“Una checca inutile”, Sgarbi condannato per diffamazione dopo la denuncia di Casalino
In diretta nazionale, su Rete4, durante una puntata di “Stasera Italia”, Vittorio Sgarbi chiamò Rocco Casalino “checca inutile”: era il 30 gennaio 2020 e per quelle parole l’attuale sottosegretario alla Cultura è stato condannato per diffamazione al pagamento di una multa da mille euro (più tremila di spese processuali), al quale si dovrà aggiungere il risarcimento in sede civile ancora da quantificare.
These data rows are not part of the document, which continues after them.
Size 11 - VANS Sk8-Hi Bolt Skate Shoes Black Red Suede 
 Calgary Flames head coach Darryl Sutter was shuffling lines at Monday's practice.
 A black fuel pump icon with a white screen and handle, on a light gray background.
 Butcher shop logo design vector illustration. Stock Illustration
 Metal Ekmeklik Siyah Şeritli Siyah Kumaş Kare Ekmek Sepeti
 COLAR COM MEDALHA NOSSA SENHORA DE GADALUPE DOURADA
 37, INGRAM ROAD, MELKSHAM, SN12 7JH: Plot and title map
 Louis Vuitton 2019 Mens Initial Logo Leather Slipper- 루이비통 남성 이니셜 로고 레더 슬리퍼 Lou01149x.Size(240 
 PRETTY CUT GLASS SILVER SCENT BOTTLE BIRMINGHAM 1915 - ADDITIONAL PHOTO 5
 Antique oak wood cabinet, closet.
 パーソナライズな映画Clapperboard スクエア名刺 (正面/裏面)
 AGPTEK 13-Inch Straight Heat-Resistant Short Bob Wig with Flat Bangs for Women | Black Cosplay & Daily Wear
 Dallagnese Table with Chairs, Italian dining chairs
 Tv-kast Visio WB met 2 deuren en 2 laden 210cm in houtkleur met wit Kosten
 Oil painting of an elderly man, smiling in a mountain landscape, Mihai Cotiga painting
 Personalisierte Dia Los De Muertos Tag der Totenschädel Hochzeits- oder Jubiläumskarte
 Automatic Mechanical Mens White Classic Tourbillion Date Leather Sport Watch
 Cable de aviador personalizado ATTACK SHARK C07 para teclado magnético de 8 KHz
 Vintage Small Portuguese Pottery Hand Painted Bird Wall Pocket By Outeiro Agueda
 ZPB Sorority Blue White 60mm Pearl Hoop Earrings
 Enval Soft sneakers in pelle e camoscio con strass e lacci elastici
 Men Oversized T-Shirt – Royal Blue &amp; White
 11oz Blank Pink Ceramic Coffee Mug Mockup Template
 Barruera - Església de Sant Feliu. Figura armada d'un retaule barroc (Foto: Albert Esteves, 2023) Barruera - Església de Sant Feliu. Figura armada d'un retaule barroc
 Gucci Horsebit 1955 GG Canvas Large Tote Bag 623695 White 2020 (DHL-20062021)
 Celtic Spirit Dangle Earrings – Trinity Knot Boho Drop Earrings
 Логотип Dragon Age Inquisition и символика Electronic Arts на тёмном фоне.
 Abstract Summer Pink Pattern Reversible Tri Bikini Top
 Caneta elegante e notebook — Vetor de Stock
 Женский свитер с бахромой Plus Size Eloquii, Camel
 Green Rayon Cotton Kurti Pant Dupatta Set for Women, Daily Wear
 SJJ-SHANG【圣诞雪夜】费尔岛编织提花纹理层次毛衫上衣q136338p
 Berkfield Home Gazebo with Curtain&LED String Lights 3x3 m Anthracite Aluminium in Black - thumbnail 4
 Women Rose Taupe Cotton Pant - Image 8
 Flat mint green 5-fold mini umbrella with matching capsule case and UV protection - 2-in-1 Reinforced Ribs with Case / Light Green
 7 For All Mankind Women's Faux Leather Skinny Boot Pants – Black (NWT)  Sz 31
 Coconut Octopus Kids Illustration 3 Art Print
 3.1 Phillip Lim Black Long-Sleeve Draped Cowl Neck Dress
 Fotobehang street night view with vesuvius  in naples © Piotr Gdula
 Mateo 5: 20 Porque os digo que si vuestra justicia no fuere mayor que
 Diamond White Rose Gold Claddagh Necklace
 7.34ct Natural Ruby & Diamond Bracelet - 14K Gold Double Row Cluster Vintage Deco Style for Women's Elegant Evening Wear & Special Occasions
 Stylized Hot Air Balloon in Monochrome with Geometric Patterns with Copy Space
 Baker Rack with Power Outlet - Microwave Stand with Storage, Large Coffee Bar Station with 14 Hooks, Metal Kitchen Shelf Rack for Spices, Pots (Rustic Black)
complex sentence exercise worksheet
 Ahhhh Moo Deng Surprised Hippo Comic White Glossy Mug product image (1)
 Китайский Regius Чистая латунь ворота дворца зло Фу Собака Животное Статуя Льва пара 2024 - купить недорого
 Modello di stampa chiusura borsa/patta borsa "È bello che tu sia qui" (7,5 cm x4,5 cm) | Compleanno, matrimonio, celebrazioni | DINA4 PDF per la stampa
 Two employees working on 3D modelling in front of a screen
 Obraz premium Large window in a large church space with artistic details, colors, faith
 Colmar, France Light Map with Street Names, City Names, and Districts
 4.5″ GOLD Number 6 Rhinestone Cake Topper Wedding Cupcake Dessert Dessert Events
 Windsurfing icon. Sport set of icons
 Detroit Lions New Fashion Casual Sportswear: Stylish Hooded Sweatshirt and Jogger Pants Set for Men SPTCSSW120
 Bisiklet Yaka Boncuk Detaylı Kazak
Il portavoce del Movimento 5 Stelle stima una somma intorno ai 50mila euro.
In quella puntata Sgarbi stava inveendo contro il governo a guida pentastellata, dopo essersi scagliato contro i ministri Di Maio e Fioramonti appellandoli come “figure intermedie che non valgono niente” se la prese con l’addetto alla comunicazione dell’allora premier Giuseppe Conte, sostenendo inoltre che fosse inadeguato per il suo ruolo. In sede processuale il sottosegretario ha provato a spiegare di aver utilizzato il termine “checca” come sinonimo di “omosessuale”, senza sottendere alcuna connotazione negativa. Tramite i suoi legali ha anche fatto sapere di ritenersi “non imputabile” per una libera manifestazione del proprio pensiero, oltre che per il suo ruolo di deputato.
La Cassazione, come ribadito anche in aula dall’avvocato di parte civile, Tommaso Gioia, “ha già stabilito che per il reato di diffamazione non è invocabile l’immunità parlamentare, ovvero il politico che diffama un avversario politico non può ottenere l’immunità in quanto manca qualsiasi nesso funzionale con l’attività parlamentare”. Il legale ha poi sottolineato il fatto che “risulta recidivo infra-quinquennale, ma pare che non abbia ancora compreso quale sia la soglia del limite oltre la quale il proprio esprimersi trascenda nella lesione della reputazione e, in questo caso, della sofferenza altrui”.
Casalino, dal canto suo, “non ha mai fatto mistero della sofferenza provata in passato e che prova ogni volta che viene discriminato per il suo orientamento sessuale. La elevata notorietà del diffamante, la risonanza mediatica della notizia, la elevata notorietà del diffamato conducono ad una diffamazione definibile di eccezionale gravità”.